The reason my old Super Nintendo seems so hazy, for instance, is that it’s feeding into my upscaler box with lowly composite video cables. To get crisper visuals and more accurate colors, I would need to use an obsolete European cable format called SCART. And because I have multiple systems, I would also need a SCART switcher that routes all those inputs to a single SCART output, which in turn would feed into my upscaler for sending a digital HDMI signal to the television. It’s dizzying to just think about.
Yet a cottage industry does exist to make those things happen. A Florida-based shop called Retro Access, for instance, is in the business of making and shipping SCART cables and related accessories. Rachel Seleski, a classic gaming enthusiast who’s originally from the U.K., started selling the cables as a hobby about seven years ago, and it’s since exploded into a full-time job. Over the last year, she estimates having shipped about 6,000 cables, and plans to hire more employees to keep up with demand, especially after her husband graduates from college and can no longer chip in with manufacturing.
“It’s not an option for me to keep doing it by myself,” Seleski says. “It’s just gotten too popular.”
Seleski has seen business surge as more people learn about retro gaming on the internet, and demand for certain products often correlates with a related video becoming popular on YouTube. Like Analogue’s Christopher Taber, Seleski believes her customers are a separate audience from the nostalgia seekers who might buy a NES Classic or Super NES Classic.
“A lot of younger people, in the 1990s and early 2000s, were playing on emulators, which are just not quite up to the feel of playing it on a real system,” she says. “So when they’ve got income, they can afford to buy the original consoles. It’s just more authentic.”
Markus Hiienkari has seen similar success with Open Source Scan Converter, a crude-looking device that converts SCART input to HDMI output with no distinguishable lag from the game controller. (Incidentally, Hiienkari accomplished this using Field Programmable Gate Arrays.) Hiienkari, who started working on the idea in his spare time in 2013, estimates sales of at least 4,000 units since they started shipping in 2016.

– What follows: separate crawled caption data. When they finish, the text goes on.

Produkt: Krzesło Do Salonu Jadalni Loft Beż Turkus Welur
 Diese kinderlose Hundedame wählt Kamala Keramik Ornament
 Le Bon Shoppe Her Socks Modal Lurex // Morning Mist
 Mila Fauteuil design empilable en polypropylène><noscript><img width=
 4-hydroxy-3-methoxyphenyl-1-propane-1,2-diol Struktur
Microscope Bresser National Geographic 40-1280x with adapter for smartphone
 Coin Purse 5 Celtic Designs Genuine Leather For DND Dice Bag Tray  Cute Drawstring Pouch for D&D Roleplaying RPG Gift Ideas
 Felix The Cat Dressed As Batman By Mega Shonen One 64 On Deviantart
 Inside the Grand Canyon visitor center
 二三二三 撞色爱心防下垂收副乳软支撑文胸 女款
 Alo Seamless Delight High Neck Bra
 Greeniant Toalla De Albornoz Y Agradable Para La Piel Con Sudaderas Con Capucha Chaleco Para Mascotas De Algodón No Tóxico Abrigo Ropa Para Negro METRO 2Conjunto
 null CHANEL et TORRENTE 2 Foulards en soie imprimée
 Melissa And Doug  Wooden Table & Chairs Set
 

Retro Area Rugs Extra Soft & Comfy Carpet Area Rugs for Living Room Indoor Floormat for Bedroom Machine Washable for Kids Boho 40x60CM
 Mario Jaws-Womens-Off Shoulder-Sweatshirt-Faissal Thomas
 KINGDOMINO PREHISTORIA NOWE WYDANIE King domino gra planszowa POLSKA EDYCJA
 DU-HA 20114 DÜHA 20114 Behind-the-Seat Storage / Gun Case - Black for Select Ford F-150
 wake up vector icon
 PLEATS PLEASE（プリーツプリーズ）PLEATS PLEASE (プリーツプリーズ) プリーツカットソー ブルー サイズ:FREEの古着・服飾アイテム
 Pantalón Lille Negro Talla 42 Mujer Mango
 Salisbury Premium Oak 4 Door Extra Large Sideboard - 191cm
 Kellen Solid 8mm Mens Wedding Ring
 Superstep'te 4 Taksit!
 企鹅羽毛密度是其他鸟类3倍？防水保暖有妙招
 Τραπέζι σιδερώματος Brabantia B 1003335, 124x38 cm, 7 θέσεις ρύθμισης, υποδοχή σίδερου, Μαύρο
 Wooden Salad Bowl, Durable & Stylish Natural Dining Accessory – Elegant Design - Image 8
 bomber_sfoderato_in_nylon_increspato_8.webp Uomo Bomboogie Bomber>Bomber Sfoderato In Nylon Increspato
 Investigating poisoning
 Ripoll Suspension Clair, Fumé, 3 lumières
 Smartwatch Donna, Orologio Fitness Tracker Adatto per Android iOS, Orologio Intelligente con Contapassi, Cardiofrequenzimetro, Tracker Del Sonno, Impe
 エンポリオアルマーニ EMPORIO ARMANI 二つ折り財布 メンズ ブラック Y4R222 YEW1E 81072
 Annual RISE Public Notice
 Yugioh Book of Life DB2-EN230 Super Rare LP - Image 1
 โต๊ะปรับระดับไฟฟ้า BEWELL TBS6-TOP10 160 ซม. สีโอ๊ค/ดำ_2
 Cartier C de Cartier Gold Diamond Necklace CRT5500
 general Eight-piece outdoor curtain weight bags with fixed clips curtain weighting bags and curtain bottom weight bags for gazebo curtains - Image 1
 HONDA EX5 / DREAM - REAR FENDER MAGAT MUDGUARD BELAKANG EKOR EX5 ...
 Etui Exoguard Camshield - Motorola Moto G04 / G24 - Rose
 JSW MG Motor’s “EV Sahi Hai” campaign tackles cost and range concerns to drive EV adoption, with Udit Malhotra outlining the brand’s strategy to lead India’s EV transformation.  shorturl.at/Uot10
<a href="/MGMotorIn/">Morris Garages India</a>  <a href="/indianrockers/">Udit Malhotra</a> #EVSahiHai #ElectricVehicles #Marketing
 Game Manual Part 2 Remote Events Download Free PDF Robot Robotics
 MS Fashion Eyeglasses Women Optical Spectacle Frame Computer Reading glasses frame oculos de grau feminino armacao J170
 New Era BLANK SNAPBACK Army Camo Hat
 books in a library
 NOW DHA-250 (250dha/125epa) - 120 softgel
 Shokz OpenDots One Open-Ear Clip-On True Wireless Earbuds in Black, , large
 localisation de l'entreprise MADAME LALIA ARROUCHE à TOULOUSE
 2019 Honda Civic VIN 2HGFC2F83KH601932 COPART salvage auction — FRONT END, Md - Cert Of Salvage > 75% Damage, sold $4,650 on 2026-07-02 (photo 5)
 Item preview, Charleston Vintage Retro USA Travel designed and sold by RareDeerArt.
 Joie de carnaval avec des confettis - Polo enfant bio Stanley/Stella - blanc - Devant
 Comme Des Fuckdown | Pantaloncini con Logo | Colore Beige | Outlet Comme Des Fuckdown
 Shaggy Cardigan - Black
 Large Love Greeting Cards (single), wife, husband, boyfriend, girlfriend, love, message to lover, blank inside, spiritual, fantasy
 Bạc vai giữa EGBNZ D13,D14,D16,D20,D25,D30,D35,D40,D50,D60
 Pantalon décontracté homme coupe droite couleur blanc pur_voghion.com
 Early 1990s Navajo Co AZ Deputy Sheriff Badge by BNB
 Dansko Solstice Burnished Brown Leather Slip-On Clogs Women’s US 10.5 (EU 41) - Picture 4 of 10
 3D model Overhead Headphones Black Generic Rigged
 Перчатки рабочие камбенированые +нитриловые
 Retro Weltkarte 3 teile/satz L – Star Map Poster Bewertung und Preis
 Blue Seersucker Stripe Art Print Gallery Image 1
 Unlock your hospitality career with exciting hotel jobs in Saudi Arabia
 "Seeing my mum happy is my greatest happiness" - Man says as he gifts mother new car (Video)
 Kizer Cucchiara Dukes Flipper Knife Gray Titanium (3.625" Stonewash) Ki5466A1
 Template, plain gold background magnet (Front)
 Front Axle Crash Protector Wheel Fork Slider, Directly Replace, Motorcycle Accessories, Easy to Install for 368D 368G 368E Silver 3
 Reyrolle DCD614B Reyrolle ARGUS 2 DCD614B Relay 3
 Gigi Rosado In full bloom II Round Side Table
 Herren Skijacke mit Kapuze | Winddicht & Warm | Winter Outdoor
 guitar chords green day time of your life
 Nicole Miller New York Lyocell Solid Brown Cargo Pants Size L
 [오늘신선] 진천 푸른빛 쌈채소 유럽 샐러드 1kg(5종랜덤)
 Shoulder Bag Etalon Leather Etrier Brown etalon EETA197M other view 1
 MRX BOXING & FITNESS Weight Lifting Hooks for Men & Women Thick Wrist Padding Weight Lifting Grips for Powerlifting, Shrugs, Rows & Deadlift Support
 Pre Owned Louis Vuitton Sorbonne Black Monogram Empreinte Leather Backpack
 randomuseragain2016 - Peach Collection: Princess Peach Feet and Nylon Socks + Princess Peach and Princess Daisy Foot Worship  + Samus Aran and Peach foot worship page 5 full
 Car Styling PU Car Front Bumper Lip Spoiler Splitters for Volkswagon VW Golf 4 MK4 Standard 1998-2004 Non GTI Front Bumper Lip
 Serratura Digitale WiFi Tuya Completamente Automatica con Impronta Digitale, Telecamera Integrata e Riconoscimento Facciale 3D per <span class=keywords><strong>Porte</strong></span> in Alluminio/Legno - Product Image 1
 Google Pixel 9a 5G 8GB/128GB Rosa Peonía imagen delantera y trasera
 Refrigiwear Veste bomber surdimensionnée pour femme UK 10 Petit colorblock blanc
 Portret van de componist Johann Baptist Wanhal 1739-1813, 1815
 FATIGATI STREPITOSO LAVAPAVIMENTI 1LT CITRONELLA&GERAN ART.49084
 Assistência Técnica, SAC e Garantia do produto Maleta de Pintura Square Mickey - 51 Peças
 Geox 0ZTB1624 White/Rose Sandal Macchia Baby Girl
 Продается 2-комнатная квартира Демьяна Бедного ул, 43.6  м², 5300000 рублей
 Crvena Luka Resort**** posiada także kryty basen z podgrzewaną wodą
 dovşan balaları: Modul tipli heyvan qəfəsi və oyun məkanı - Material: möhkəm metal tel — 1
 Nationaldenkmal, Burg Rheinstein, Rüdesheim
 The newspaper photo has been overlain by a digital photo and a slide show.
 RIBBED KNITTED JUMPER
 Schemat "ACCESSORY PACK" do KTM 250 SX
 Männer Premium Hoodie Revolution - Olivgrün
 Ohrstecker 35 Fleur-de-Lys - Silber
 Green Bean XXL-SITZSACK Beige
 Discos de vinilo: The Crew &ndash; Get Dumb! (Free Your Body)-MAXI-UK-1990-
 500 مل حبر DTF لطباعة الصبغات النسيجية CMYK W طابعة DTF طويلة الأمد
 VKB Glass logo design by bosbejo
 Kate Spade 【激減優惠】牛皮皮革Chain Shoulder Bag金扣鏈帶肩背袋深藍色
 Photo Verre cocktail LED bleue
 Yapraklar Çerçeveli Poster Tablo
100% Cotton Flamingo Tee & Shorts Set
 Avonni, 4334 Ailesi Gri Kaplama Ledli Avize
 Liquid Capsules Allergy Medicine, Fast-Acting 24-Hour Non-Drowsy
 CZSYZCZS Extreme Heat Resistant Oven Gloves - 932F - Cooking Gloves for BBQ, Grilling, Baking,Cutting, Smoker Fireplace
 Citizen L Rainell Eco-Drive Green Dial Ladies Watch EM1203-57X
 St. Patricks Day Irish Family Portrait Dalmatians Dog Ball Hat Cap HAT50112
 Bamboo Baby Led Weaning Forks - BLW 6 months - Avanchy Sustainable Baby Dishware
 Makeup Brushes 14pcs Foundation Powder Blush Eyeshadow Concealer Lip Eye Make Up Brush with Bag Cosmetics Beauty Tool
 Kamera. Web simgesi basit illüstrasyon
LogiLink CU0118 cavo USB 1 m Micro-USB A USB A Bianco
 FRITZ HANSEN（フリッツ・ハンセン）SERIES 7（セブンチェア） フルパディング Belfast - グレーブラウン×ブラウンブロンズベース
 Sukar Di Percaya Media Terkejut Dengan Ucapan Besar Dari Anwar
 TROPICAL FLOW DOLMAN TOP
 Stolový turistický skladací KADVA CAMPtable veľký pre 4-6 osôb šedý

“The people who still have the original hardware often prefer it over emulators due to authenticity, and purists don’t accept any latency or inaccuracies caused by emulation,” Hiienkari said in an email.
The Analogue Super Nt isn’t quite like those products, but it’s not like Nintendo’s Super NES Classic either. Instead, it’s straddling both worlds, providing the accuracy and authenticity of a real Super Nintendo without having to make sense of SCART cables and upscalers. Given that Nintendo is selling millions of Classic consoles, and individuals like Hiienkari and Seleski are selling thousands of handmade products, Analogue could carve out a nice business somewhere in between, especially if the company expands beyond Super Nintendo systems. Taber won’t get into specifics, but suggested that there’s more to come on that front.
“We want to continue making systems with the respect that they deserve that allow you to explore pieces of video game history in the right way,” Taber says.
In the meantime, I’m finding it harder not to fall down the rabbit hole of making my own gaming setup look better.